TPMS are designed into the following two basic types: –
- Direct Systems (dTPMS).
- Indirect Systems (iTPMS).
Direct Systems (dTPMS)
In this system, a sensor is installed in each tyre. The sensor measures the tyre’s inflation pressure and at times, with advanced sensors, as well as the air temperature in the tyre. The sensors send their current measurement values at regular intervals to the vehicle’s control unit. In this way small deviations can be individually identified for each tyre and immediately displayed to the driver. The sensor battery have different lifetimes. A vehicle fitted with a direct tyre pressure monitoring system can only be run on wheels fitted with TPMS sensors.
Indirect Systems (iTPMS)
Using the ABS sensors installed in the vehicle, it is possible to calculate the tyre inflation pressure from the wheel RPM and the tyre rolling circumference. If the tyre pressure (and therefore the rolling circumference) changes, this indicates a loss of pressure. Fundamental to this principle is the calibration of the system with exactly the right tyre pressure.

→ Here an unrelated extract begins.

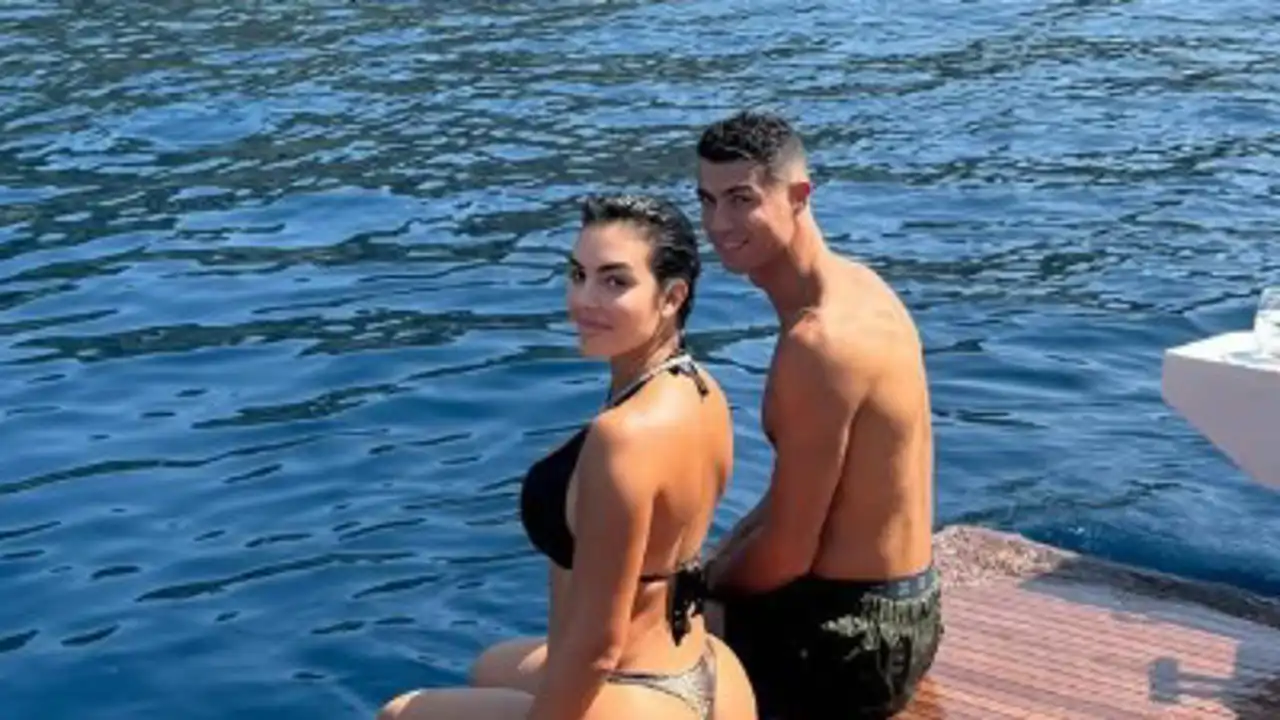 Georgina saca a la luz el álbum inédito de sus lujosas vacaciones con Cristiano Ronaldo: en un exclusivo yate y en Palma de Mallorca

In the indirect system, two effects are assessed. Firstly, the tyre rolling circumference: If there is a loss of pressure, the rolling circumference becomes smaller and the wheel must rotate more quickly compared to the other wheels. This change is noted and the driver is warned. Secondly, the frequency of oscillation between the tyre and the rim is examined: When this drifts, it can be interpreted as a loss of pressure. In general, the following applies: Indirect systems must be re-calibrated each time a tyre is fitted or the tyre inflation pressure is changed.
*TPMS low pressure warning icon
Advantages of TPMS
The dynamic behavior of a pneumatic tyre is closely connected to its inflation pressure. Key factors like braking distance and lateral stability require the inflation pressures to be adjusted and kept as specified by the vehicle manufacturer. Below are some of the key advantages of TPMS:-
- Improved safety: Avoiding traffic accidents.
- Fuel savings: Early warning of low pressure that could cause high rolling resistance that results in extra fuel use.
- Extended tyre life: Early recognition of a hazardous state of the tyres.
- Decreased downtime and maintenance: Eliminates the hassle of checking the tire pressure with a manual gauge.
- Reduced risk of hydroplaning.
- Environmental efficiency: Under-inflated tyres, as estimated by the Department of Transportation, release over 26 billion kilograms (57.5 billion pounds) of unnecessary carbon-monoxide pollutants into the atmosphere each year in the United States alone.
History of TPMS
TPMSs first appeared in luxury vehicles in Europe in the 1980s, while mass-market adoption followed the USA passing the 2000 TREAD Act after the Firestone and Ford tyre controversy. Mandates for TPMS technology in new cars have continued to proliferate in the 21st century in Russia, the EU, Japan, South Korea and many other Asian countries.
- TPMS is mandatory when using run-flat tyres.